Whatever you think about what happened in Jena, when you walk in the door, the production will challenge and complicate those assumptions, bringing the problem into stark relief but painting both the attacked and the attackers in many subtle shades of gray.

The tight knit ensemble is led by Chantae Miller as Raylynn, herself a bundle of contradictions. A star student who wants to be class president, she follows her late mother’s advice to stand up to those who would demean her. According to her mom, apathy is a much greater sin than getting into a noble fight, and Raylynn is far from apathetic. The smallest and youngest member of the cast, Miller’s wide eyes take in everything, and her natural confidence fits her take-charge character.

Open and eager for change, she reaches out to a new student, organizes a campus protest and tries to broker peace between opposing forces. Miller’s youthful optimism and energy are delightful to watch, and they make her moments of disconnect – when her character can’t sympathize with others – more stark.

Raylynn announces at the top of the show that she’s going to break some rules that determine who can sit where and who can run for student council. But later, Raylynn’s brother De’Andre (a strong Justin Lee) laments in a heart-wrenching rap that he was arrested because he forgot the unwritten rules about young black men dealing with the police.

While these might sound like stories you’ve heard before, they’re not. They are complicated by Rylynn’s best friend Asha (a dynamite April Paul) who is white but tries desperately to fit in with the black students after forming a bond with her black stepmother.

And Justin (a reserved Ibraheem Farmer), the editor of the school paper who is a smart and studious introvert. He is hesitant to get involved in the controversies about race at school because he has been told that he doesn’t fit with either culture.
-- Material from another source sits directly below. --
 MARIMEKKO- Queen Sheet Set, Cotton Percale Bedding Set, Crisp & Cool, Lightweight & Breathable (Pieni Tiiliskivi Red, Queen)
And Colin (the extraordinary Casey Hoekstra) the white football player who has recently transferred to the school from South Carolina. An outsider in so many ways, he is thrust into the foreground of the controversial incidents after a fight in the cafeteria. Emotionally and physically hurt, he also feels that he doesn’t belong and doesn’t want to take a side. From the way he plays with the brim of his hat to the volumes he pours into his many monosyllabic lines, Hoekstra gives many jagged layers to his character.

Perhaps the most powerful moment in the show comes when Hoekstra and Lee are captured in hot spotlights, trying to explain their side of an altercation to the police. Their lines, almost identical, show two desperate young men with more in common than most would ever imagine.
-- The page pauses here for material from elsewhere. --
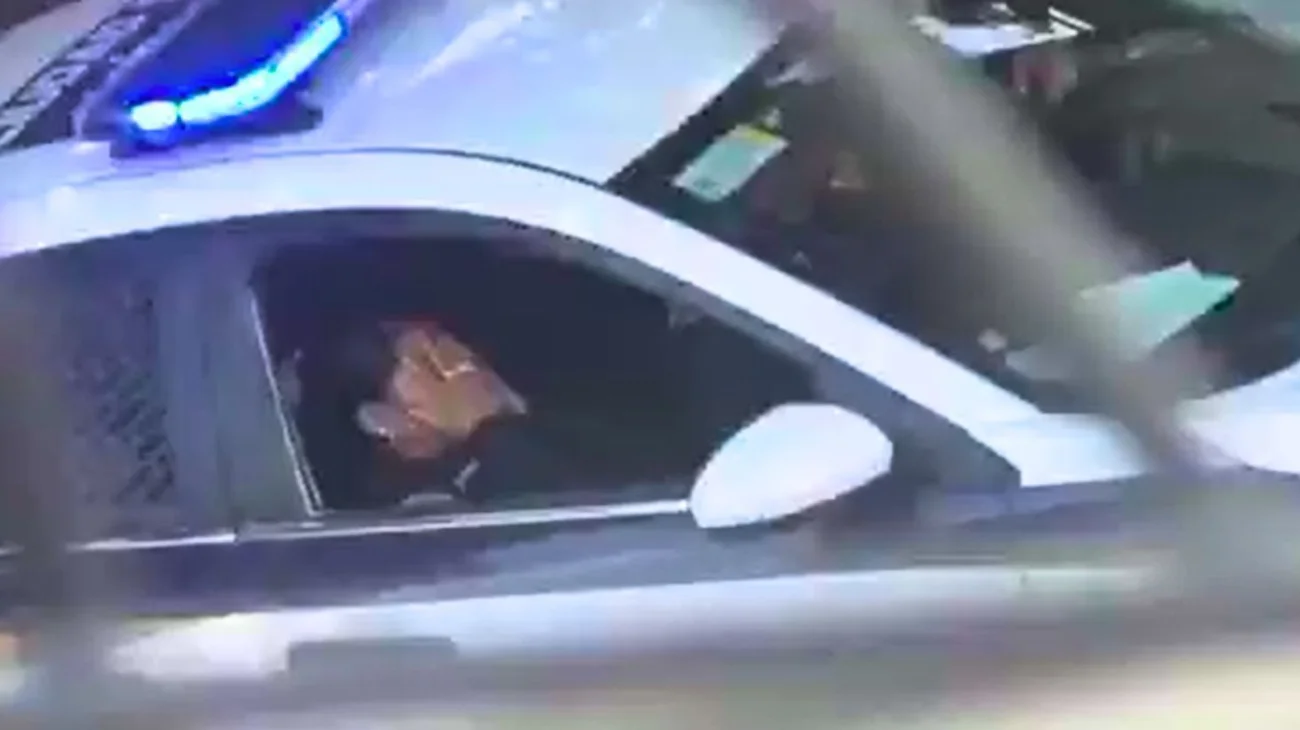 Captan a policías realizando actos sexuales en patrulla de CDMX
Director Marti Gobel does an extraordinary job shaping the play and allowing each character to have their moment. Through imaginative staging that keeps the cast onstage for most of the show, she fills in a lot of the blanks in the story – showing the students in a civics classroom, in the hallways, throwing a football around and killing time between periods.

She also keeps the adults at bay; they are disembodied voices or teachers, coaches and parents who are described but not always respected. The fact that the story comes only from teens makes it fresh, and hearing them ask the essential questions of how was this hatred planted, how long has it been going on and how can we stop it, is staggering.

Much like she did in directing "The Brothers Size" at Milwaukee Chamber Theatre last year, Gobel excels here in her use of percussion, movement, stomp dance and playful approaches to language so the performance transcends realism and becomes something more lyrical and ritualistic. Alicia Rice’s choreography also adds to the magical storytelling quality of the piece.

In this divided era of taking sides, I would encourage audiences to see this incredible show not just once, but to see it a few times so you can literally see it from every angle.